Teaching without textbooks

Classes have started, students have bought the assigned textbooks, and they have thoroughly complained about the cost of the textbooks. It is the same at the start of every term, yet publishers manage to exploit their market power without much of a challenge. Yet there are ways out.

I reported about one, POeT, which encourages comparison shopping by faculty while they select a textbook. There are cheaper, even open-access textbooks available. But there is even better: teaching without a textbook.

Why do we need a textbook? It is convenient for a teacher to have ones course structured by someone else, with ready-made teaching material like slides, exam questions and exercises. For students, it reassures them that they have a backup in case they did not understand what was going on in class.

It is, however, my experience that once there is a textbook, students start slacking off considerably: they do not pay attention in class, do not take notes or do not even show up in class, because "there is a textbook." One striking consequence is that the average student nowadays in incapable of taking notes beyond what is written on the board. Also, they are lost as soon as lectures deviate slightly from the textbook.

The logical consequence is to do away with the textbooks. While it may not be popular at first, it forces students to think and take notes while in class. One should keep in mind the original purpose of a textbook: support the teaching in class. Unfortunately, it has become the opposite: the teaching is supposed to follow a textbook. If this were the goal, one could in fact do away with the teaching, simply assign a textbook and then test people on it. Wait, this is already done with correspondence and online courses.

I put a lot of blame on the students, as they follow what they believe is the easier way by requesting a textbook for every class. But teachers are to blame as well. They often also take the easy way by choosing a textbook that is easy to teach from, but not necessarily easy to learn from. I have had colleagues select textbooks on the basis of the powerpoint slides alone...

2 comments:

Anonymous said...

I am with you here. The textbook, if any, should complement the teaching.
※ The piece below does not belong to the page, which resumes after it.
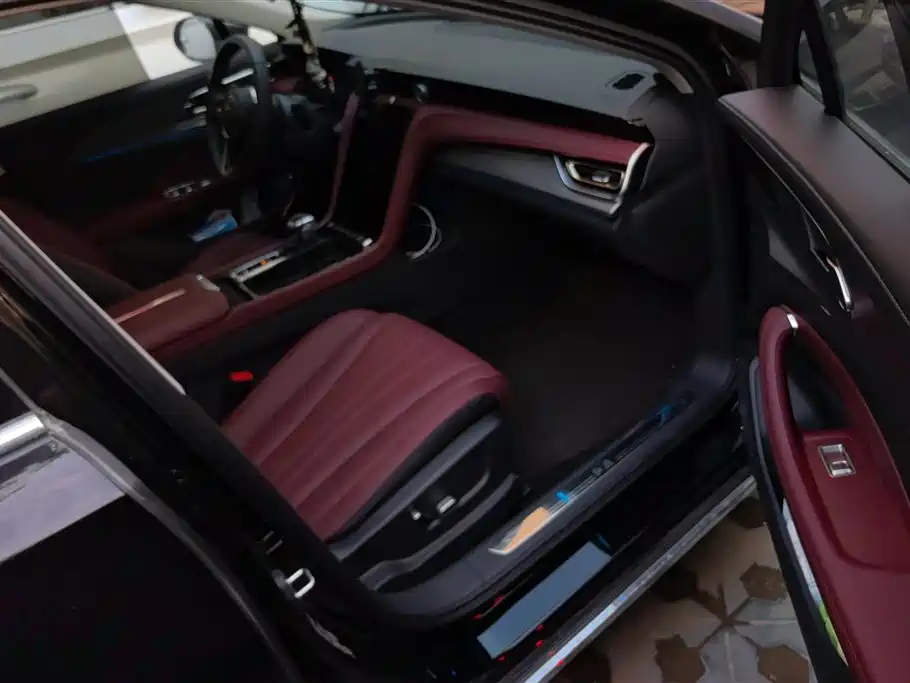 Hongqi H5 2024 2.0T Automatic Smart Connect Flag Smooth Edition фото 8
Unfortunately, too often nowadays the teaching follows the textbook. In that case, why even have a teacher? Just assign the book, have an exam at some point a be done with it.

Anonymous said...

Textbook have anyway become bloated lately, as they try to cater to everyone. Teachers feel obliged to cover many chapters to justify the cost of the book. Students are flooded with material and learn only superficially if anything.

I used to have a paperback textbook with about 120 pages (Miller and Upton), which taught me great intuition about macro. That was a great textbook, and it cost a few dollars only!